NEW YORK — Bank of America Corp. reached a $2.8 billion settlement with Fannie Mae and Freddie Mac over claims that one of its businesses sold bad mortgages. The payment is far lower than analysts expected and removes some uncertainty that has hovered over the bank.
The settlement is the biggest yet involving banks and the two government-backed mortgage giants, which continue to suffer huge losses from the collapse of the housing market. Analysts and investors have been waiting to see how hard a line Fannie and Freddie would take with big mortgage lenders such as Citigroup Inc., JPMorgan Chase & Co. and Wells Fargo & Co. Some estimates ran as high as $10 billion for a Bank of America settlement.
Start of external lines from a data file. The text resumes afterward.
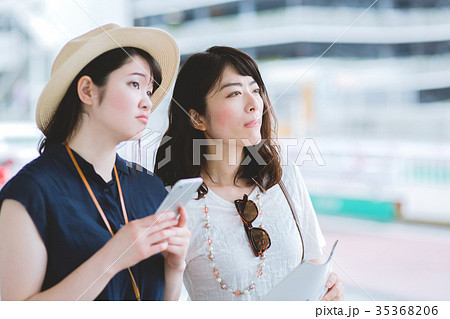 女子旅　迷う 35368206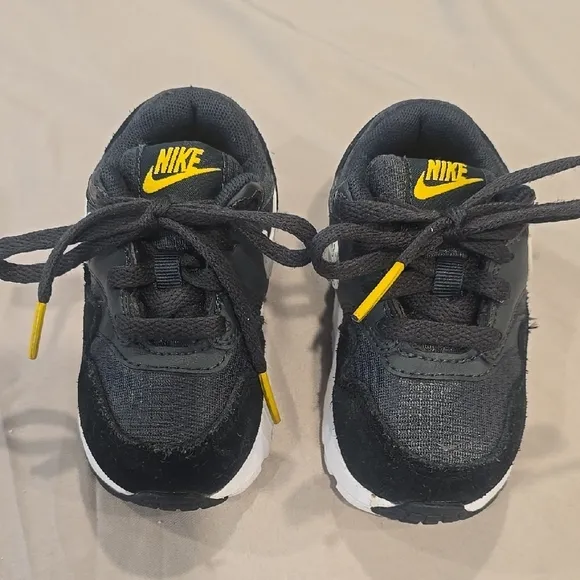 Nike Kids Black and Yellow Sneakers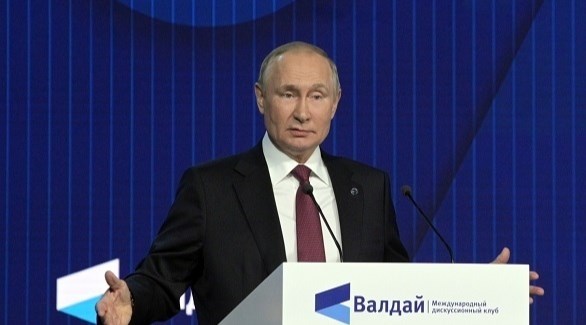 بوتين ينفي التهديد بالأسلحة النووية.. .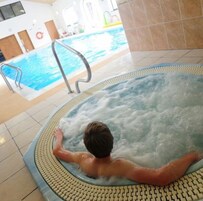 Un sauna, una bañera de hidromasaje, baño turco, tratamientos corporales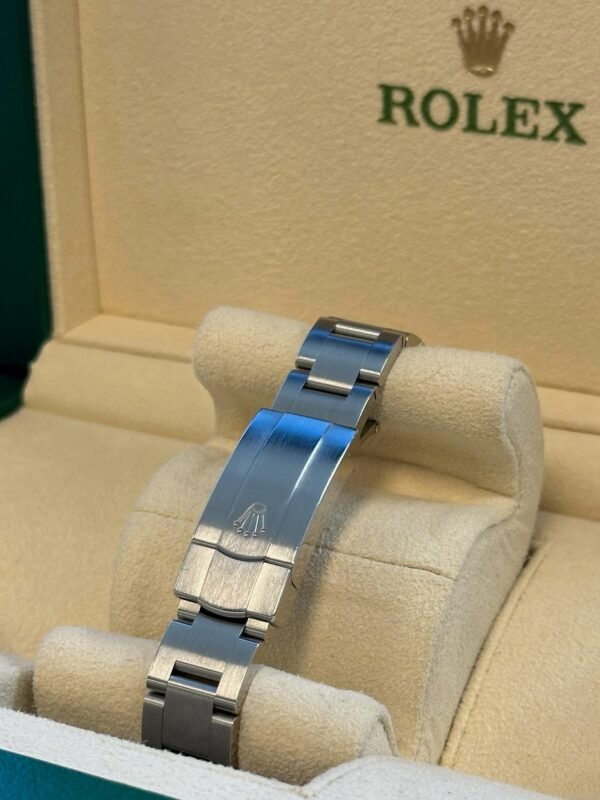 Rolex - Pre-owned Oyster Perpetual 31mm Tiffany Blue Dial 277200 - Image 5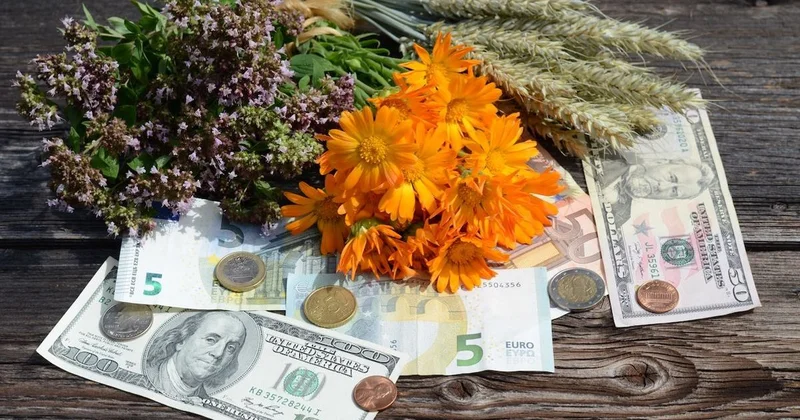 Как мошенники могут вымогать деньги на 8 марта у казахстанцев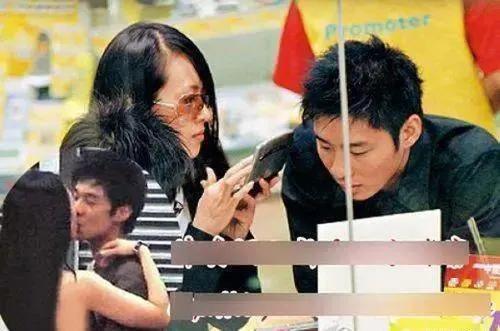 娜然跟着霍启山回到香港，两人同游意大利，娜然老钱风穿搭显贵气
“The government gave Bank of America a very attractive deal,” said Christopher Whalen, managing director of Institutional Risk Analytics.
Bank stocks rallied on the news, with Bank of America up more than 6 percent and Wells Fargo up 2 percent. Other settlements are likely soon.
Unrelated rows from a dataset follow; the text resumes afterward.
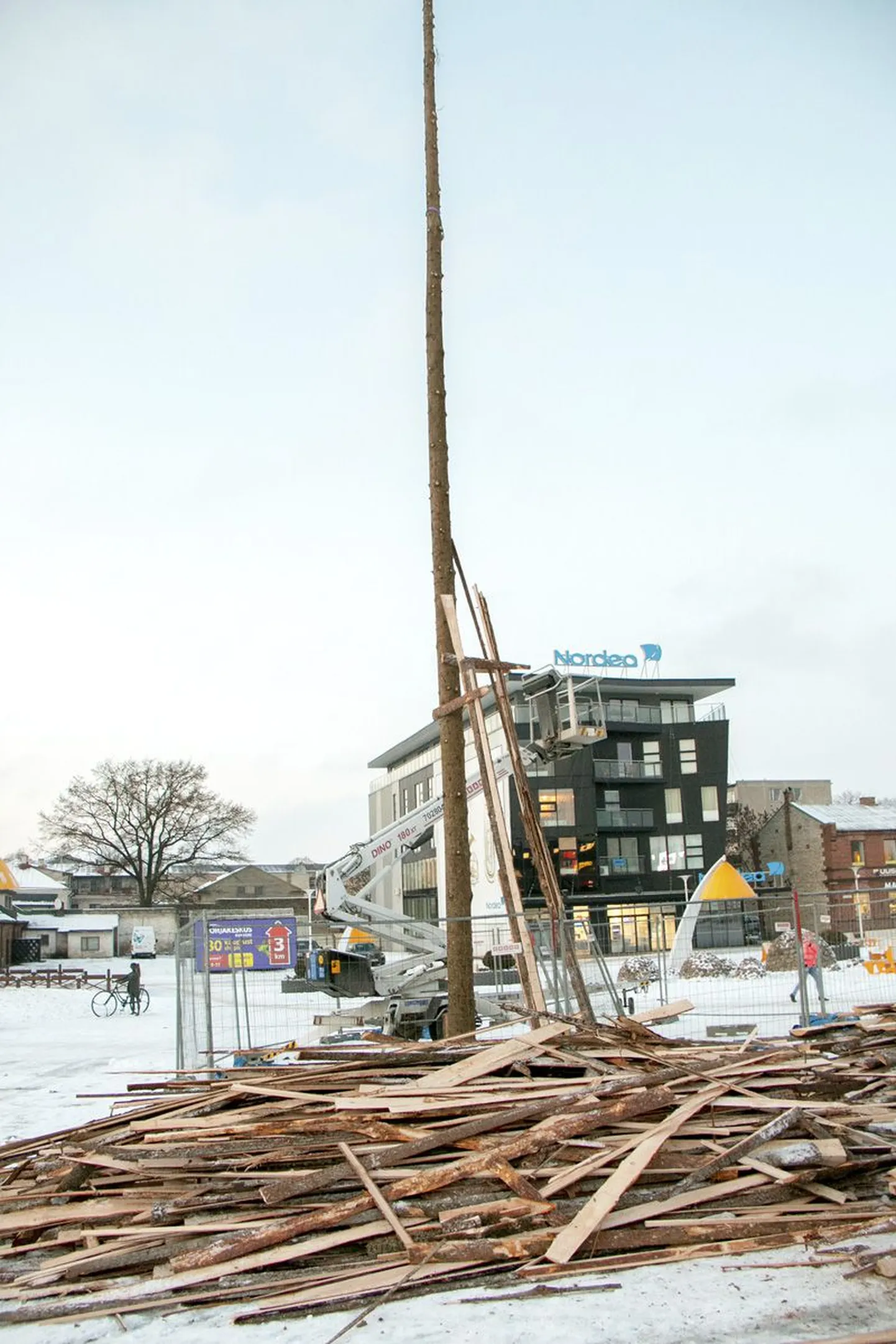 Eile hommikul algas Rakvere keskväljakul 
linna avaliku jõulupuu 
ehitus.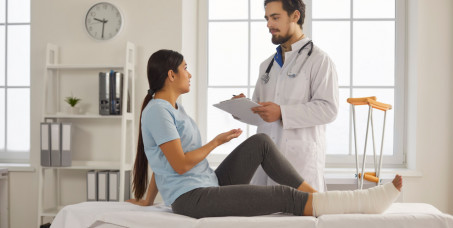 6500 din za pregled fizijatra + tri terapeutska dana sa tri procedure: elektromagnetna, ultrazvučna i terapija laserom- Gracia Medika!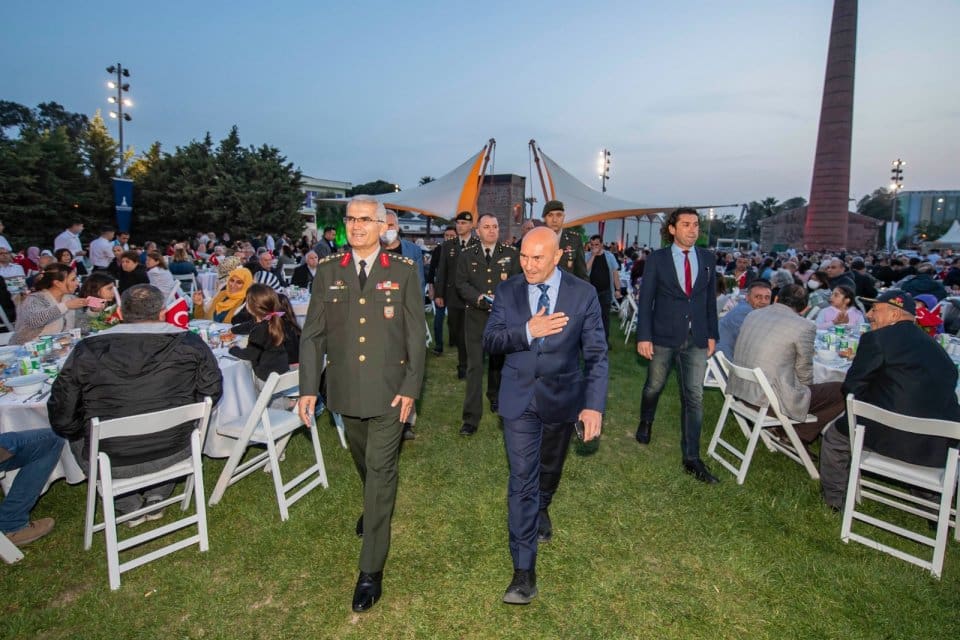 İzmirli şehit aileleri ve gaziler, B&uuml;y&uuml;kşehir Belediyesi&rsquo;nin d&uuml;zenlediği iftar yemeğinde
The claims stem from mortgages sold to Fannie and Freddie by former mortgage giant Countrywide Financial, which Bank of America bought in 2008. The two government-backed agencies buy mortgages from lenders and resell them to investors. They want banks to buy back mortgages that had incorrect information about the income and other qualifications of borrowers.
During the housing boom, lenders such as Countrywide routinely gave mortgages to people who ultimately couldn’t afford them. This lit the fuse for the financial meltdown in 2008. Most of the mortgages that Fannie and Freddie want to sell back to the banks are in default.
By removing this as an issue, Bank of America CEO Brian Moynihan hopes investors will buy his message of focusing on customers and building its traditional banking business. But Bank of America has several big challenges remaining. Last fall, the bank was accused of using faulty documents to foreclose on thousands of homeowners.
All 50 state attorneys general have launched investigations into the foreclosure practices of Bank of America and other banks. Bank of America also faces lawsuits from other investors who are trying to recoup losses from mortgages they say contained faulty information.
There are also questions related to Monday’s deal. The settlement contained two parts: Bank of America paid $1.3 billion in cash to Freddie Mac. In turn, Freddie Mac won’t force Bank of America to buy back the faulty mortgages. In the second part, Bank of America paid $1.5 billion to Fannie Mae.
But this only settled past claims. Fannie Mae still owns a total of $397 billion of mortgages made by Bank of America. Fannie can still ask Bank of America to repurchase any loans deemed faulty. That could still cost Bank of America as much as $5.5 billion, according to estimates by Chris Gamaitoni, vice president at Compass Point Research.
Bank of America spokesman Jerry Dubrowski said the bank has set aside enough reserves for such losses and dismissed Compass Point’s estimates as “highly unlikely.” As part of the settlement, the bank anticipated that its fourth-quarter provision for losses will be $3 billion and that it will take a charge against earnings of about $2 billion.
“The settlement clears the air and puts the issue behind for Bank of America,” said Bert Ely, president of bank consultant Ely & Co.
It was the second settlement in a week. The first involved Ally Financial Inc., which agreed to pay $462 million in lieu of buying back faulty mortgages from Fannie Mae in the future.